The WAN IP address *should* be the external IP address assigned by your ISP, the one taken directly from the modem. The Router IP address should be the IP address the router has assigned itself in order to act as a gateway managing your network. Usually the default is 192.168.0.0 or some such (e.g. the address you use to access the router management tool). The router will also have a subnet mask somewhere. It is acting as a DHCP server - in other words, it dynamically assigns IP addresses to machines that access it on a local network, but filters outgoing traffic through a single external IP address (the WAN address). Each time your laptops and desktops (and printers, if they have network functionality) start up and access the router for a session, they retrieve an IP address, subnet mask, gateway, and DNS server addresses from the router. This gives them all the information they need to access your local network, which the router reinterprets so you access the external network (internet).
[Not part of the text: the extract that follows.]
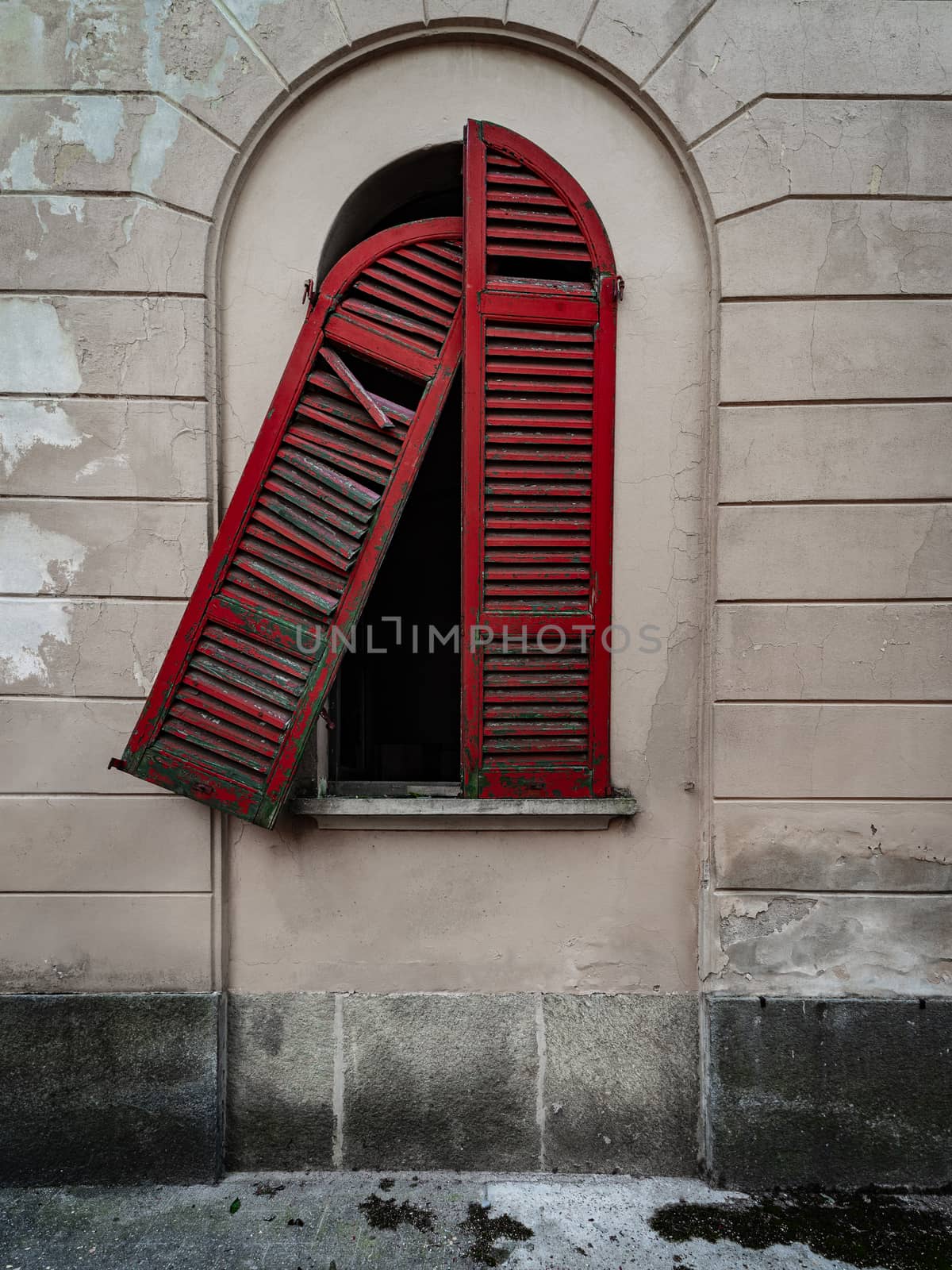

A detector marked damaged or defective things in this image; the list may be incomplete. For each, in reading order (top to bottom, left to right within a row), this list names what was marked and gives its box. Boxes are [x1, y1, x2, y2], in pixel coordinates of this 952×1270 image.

broken red shutter [113, 219, 463, 826]
broken red shutter [460, 119, 619, 794]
This is providing you have the DHCP server turned on. If it's turned off, you must manually assign the information to the TCP/IP settings of each functional Network Connection to match up with the router's subnet mask, gateway, and DNS servers (the IP will be identical but for the last 3 digits). Turning off the DHCP server and not configuring the client machines accordingly will kill internet access, but it would typically do it for all conncections, not just wireless (unless of course the wired connection in your laptop is still carrying IP settings which match up to the router, which I kinda doubt).
One other thing: the MAC addresses you see there are unique hardware identifiers, and many routers have MAC address filtering as an additional means of security (which should only be used as security when coupled with WPA or WPA2). Make sure you didn't turn that on. Next time you post a screenshot though you can leave the IP's undarkened (nobody cares what you external and internal IPs are here, and they can't really do much with it, though if you're really paranoid you can black the WAN address; the internal one we need to see) and black out the MAC addresses.
So, your list of to do's:
-Hardware reset.
-Power cycle.
-Delete any bridged connections.
-Post the results of the ipconfig /all command.